*Exercise goal:* Reproduce word for word every line from the one containing "Group shot of" through the end of the listing below; omit the pictures.

*Records for this task:*
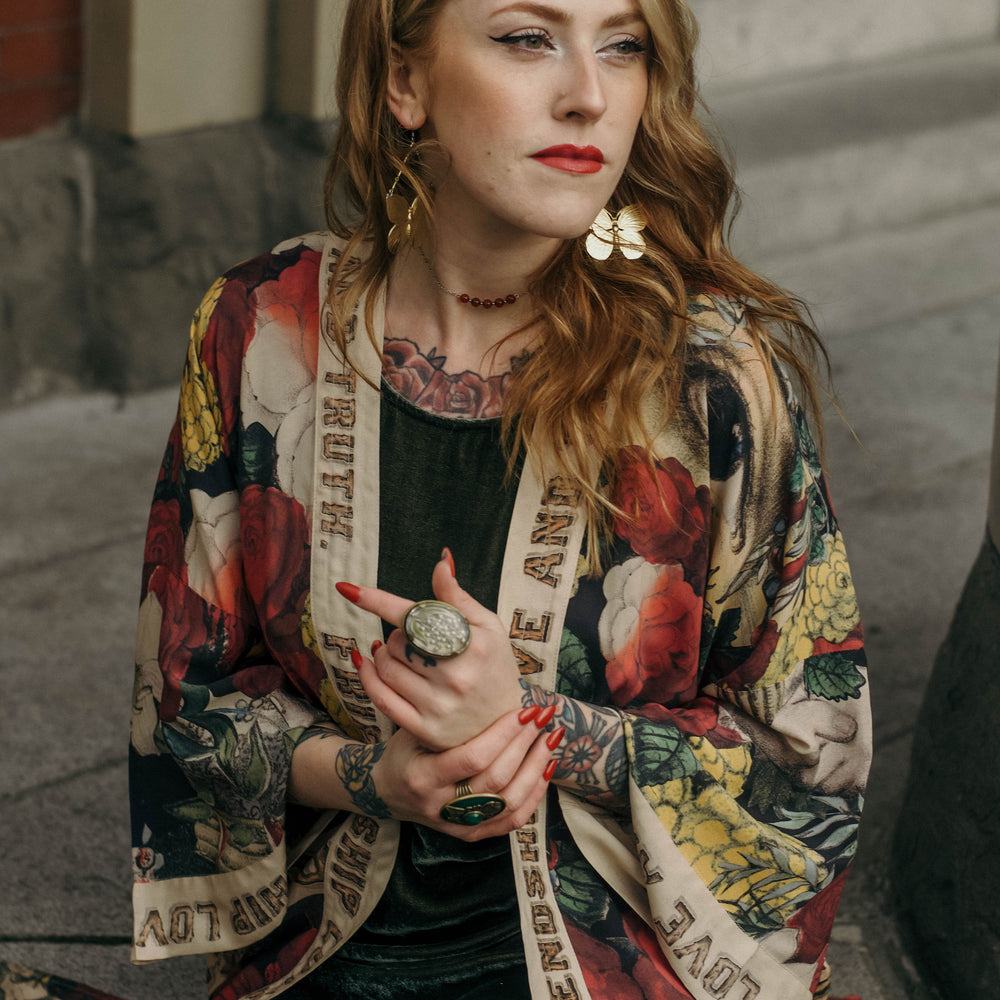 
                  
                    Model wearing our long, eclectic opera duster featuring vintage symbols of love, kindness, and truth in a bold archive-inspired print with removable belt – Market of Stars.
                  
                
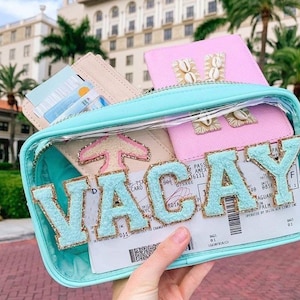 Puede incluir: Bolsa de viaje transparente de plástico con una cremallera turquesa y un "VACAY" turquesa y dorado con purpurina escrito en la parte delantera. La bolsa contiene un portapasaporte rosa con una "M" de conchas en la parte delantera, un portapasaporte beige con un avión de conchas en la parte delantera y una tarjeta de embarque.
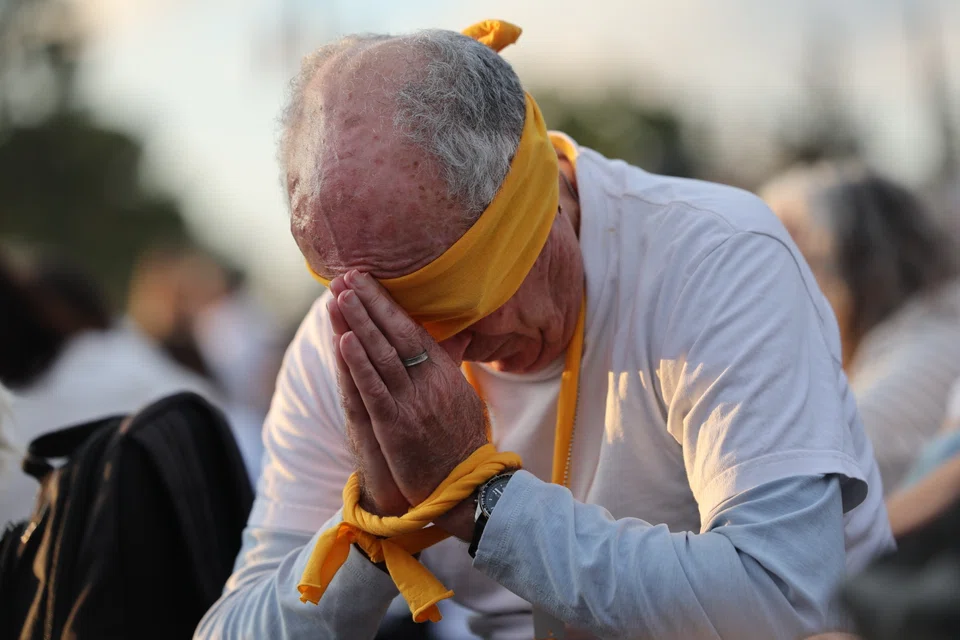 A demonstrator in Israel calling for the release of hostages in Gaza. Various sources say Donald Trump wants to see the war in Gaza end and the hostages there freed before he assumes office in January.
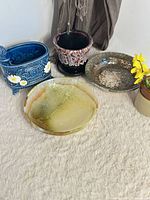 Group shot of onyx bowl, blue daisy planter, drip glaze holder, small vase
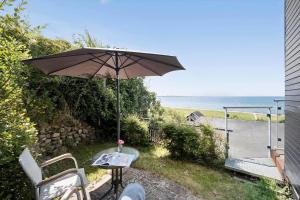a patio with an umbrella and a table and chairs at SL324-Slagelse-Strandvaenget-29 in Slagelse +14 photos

*Worked solution:*
 Group shot of onyx bowl, blue daisy planter, drip glaze holder, small vase
a patio with an umbrella and a table and chairs at SL324-Slagelse-Strandvaenget-29 in Slagelse +14 photos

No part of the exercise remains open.